Aim of the task:
Would you transcribe the lines running from the one that holds "WhatsApp Image 2025-02-02 at 00.14.55.jpg" to the last line of the records? Leave every picture out.

Short text fragments from websites:

* * * * * * *

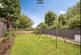 Additional image 16 of Belchers Lane, Birmingham B9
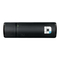 Adaptadores D-Link DWA-182 Guia De Instalacion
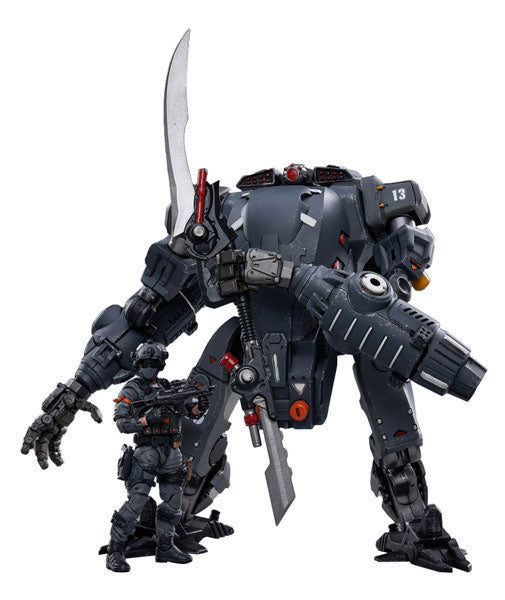 福袋セール ノース ファイヤーハンマー アサルト メカ – SOOTANG HOBBY SF・ファンタジー・ホラー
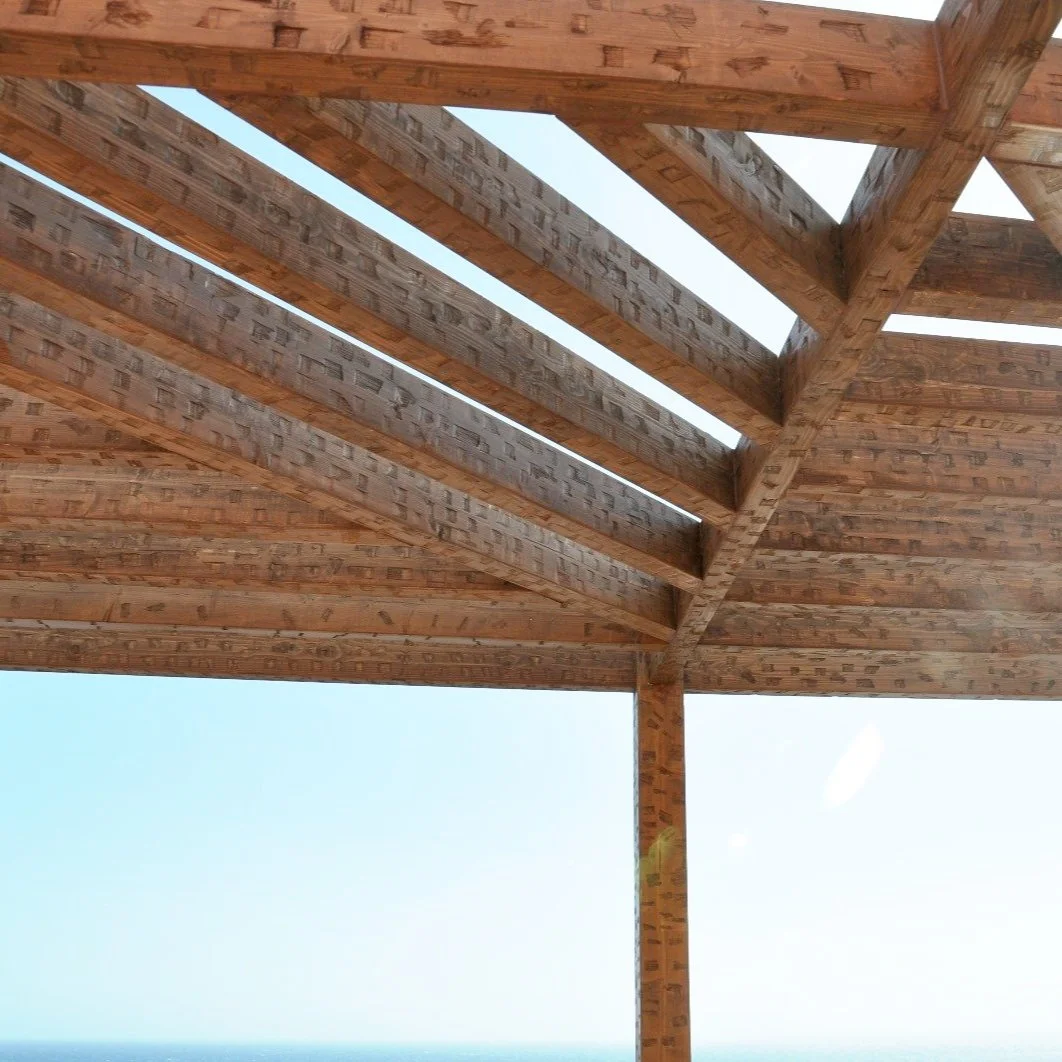 WhatsApp Image 2025-02-02 at 00.14.55.jpg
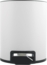 uzikQm8B68g5Lmw921VV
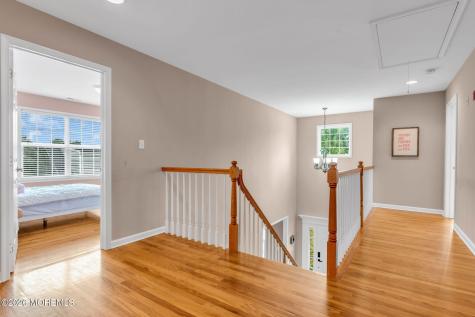 1128 5th Avenue West Belmar NJ 07719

* * * * * * *

Task response:
 WhatsApp Image 2025-02-02 at 00.14.55.jpg
 uzikQm8B68g5Lmw921VV
 1128 5th Avenue West Belmar NJ 07719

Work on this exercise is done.